### DATA SUPPLIED:
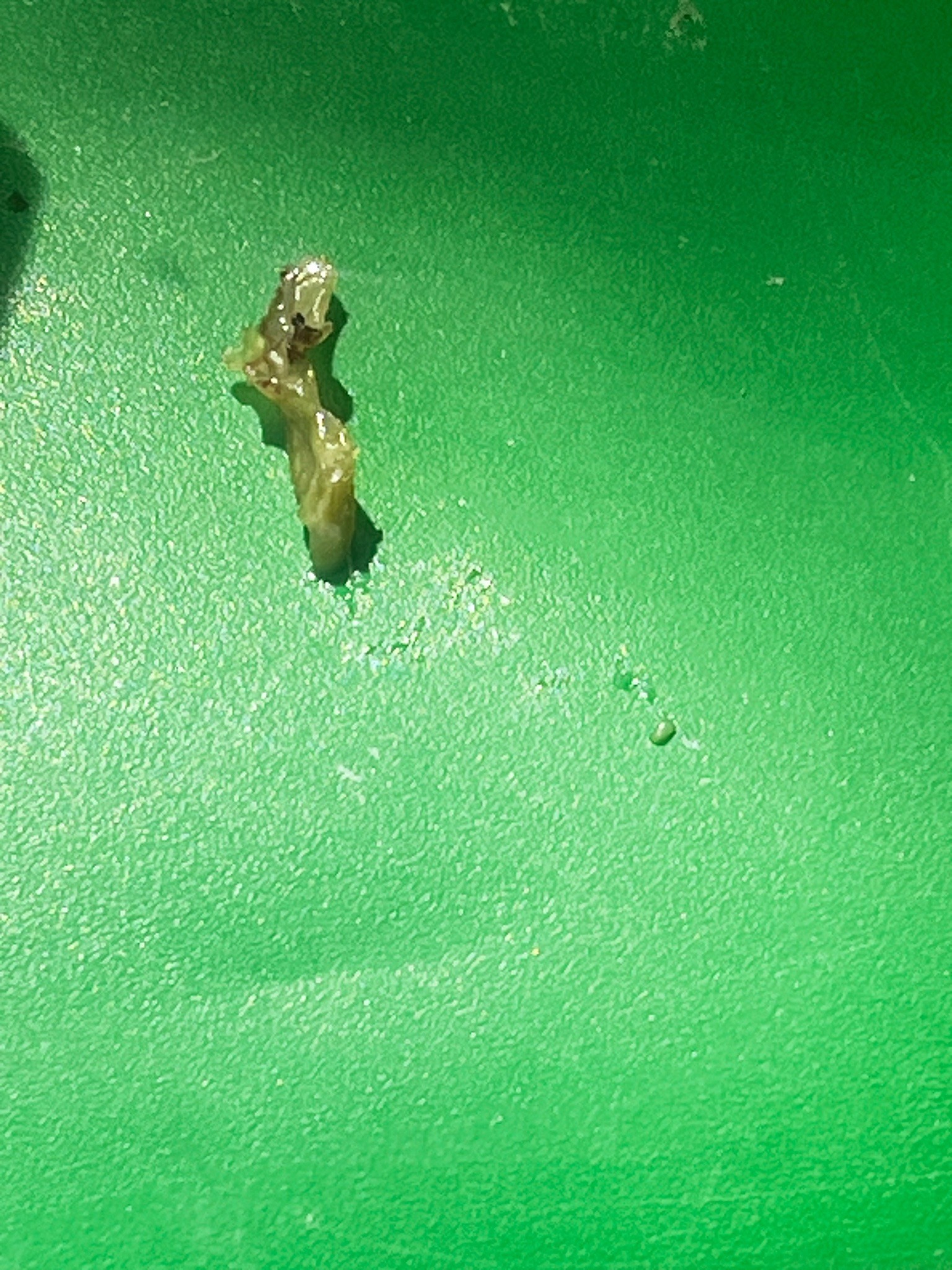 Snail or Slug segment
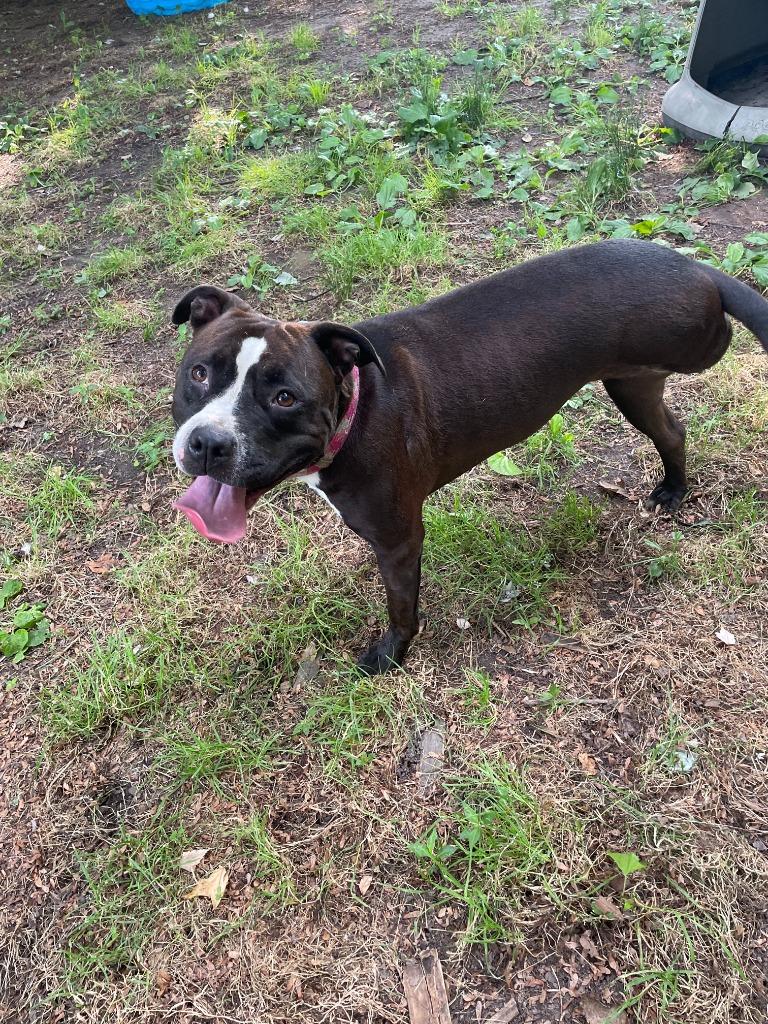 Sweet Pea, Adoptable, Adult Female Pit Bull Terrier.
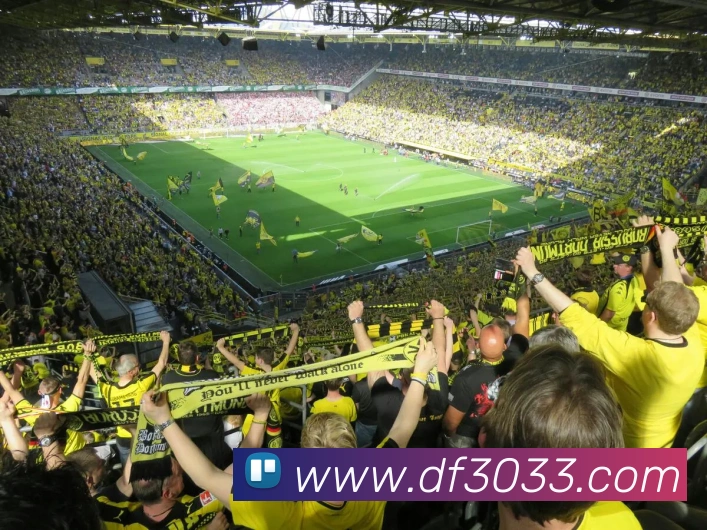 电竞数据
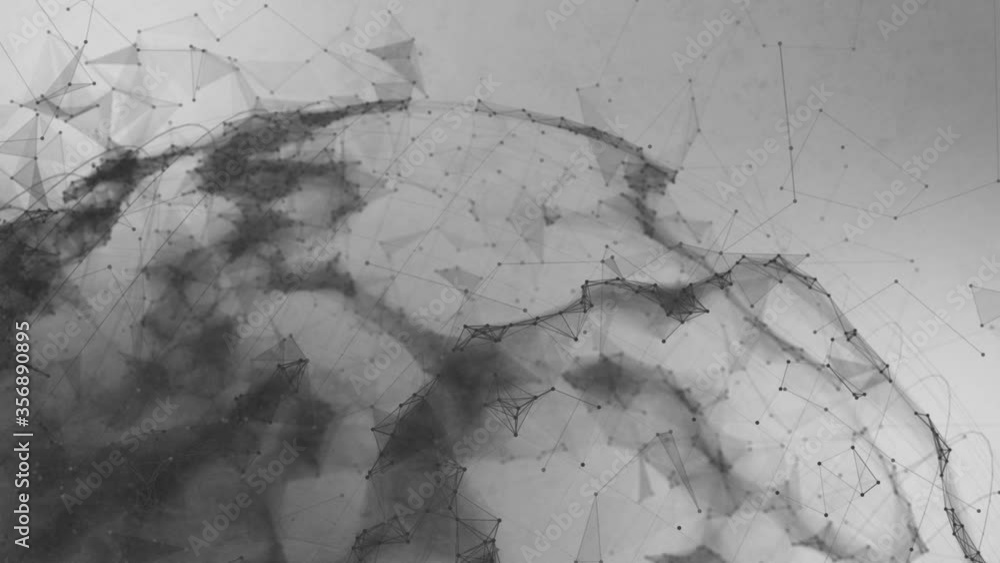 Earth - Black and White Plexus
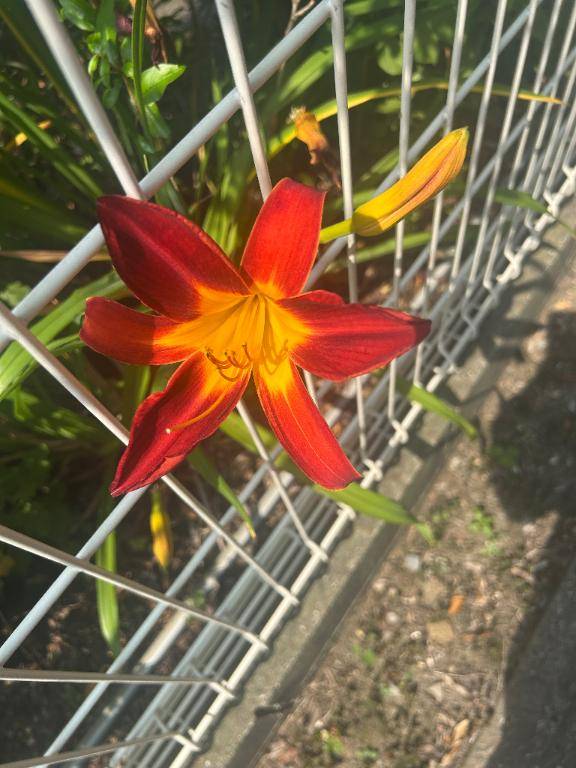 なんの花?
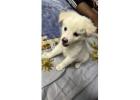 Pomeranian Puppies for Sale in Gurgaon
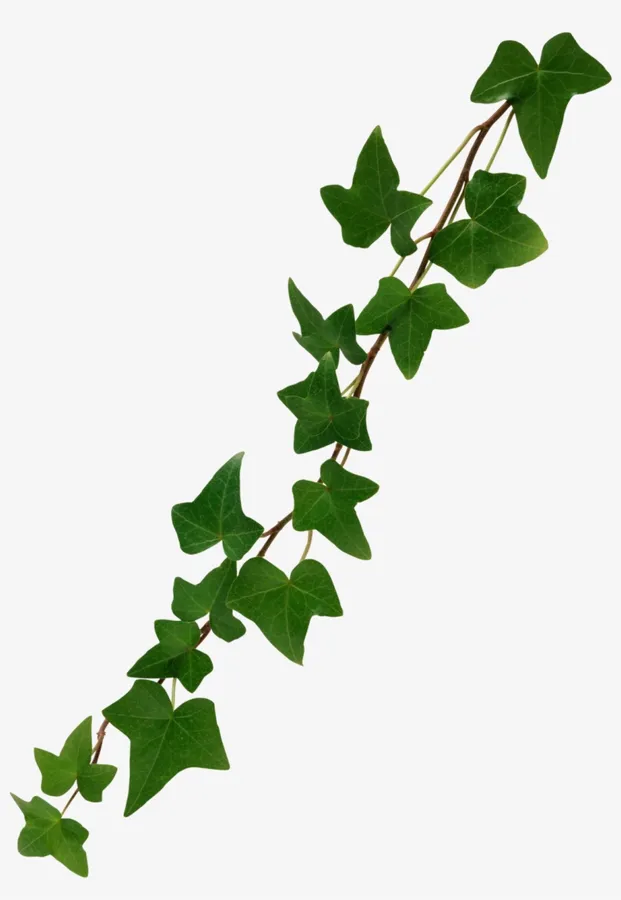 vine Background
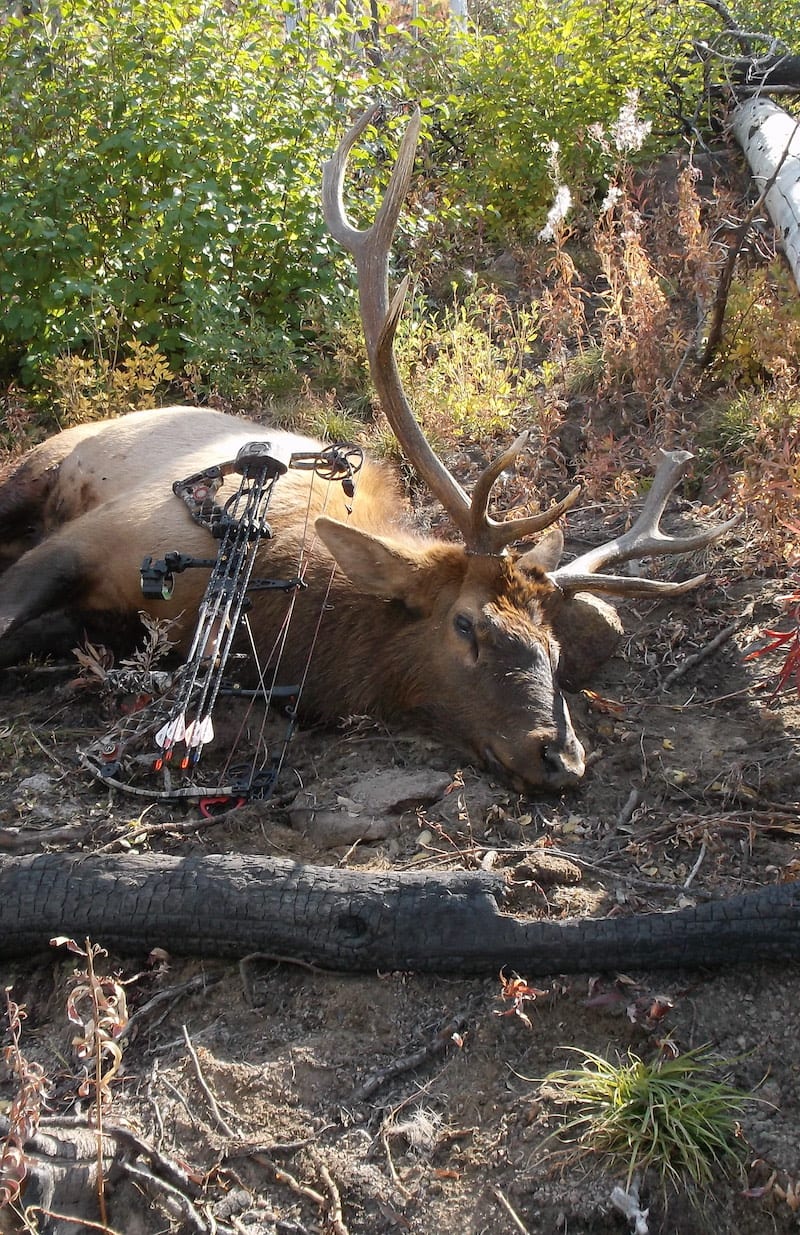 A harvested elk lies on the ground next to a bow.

### YOUR ASSIGNMENT:
Give back exactly the lines running from the one that contains "vine Background" to the end of the records, including both of those lines and excluding every picture.

### TASK ANSWER:
 vine Background
 A harvested elk lies on the ground next to a bow.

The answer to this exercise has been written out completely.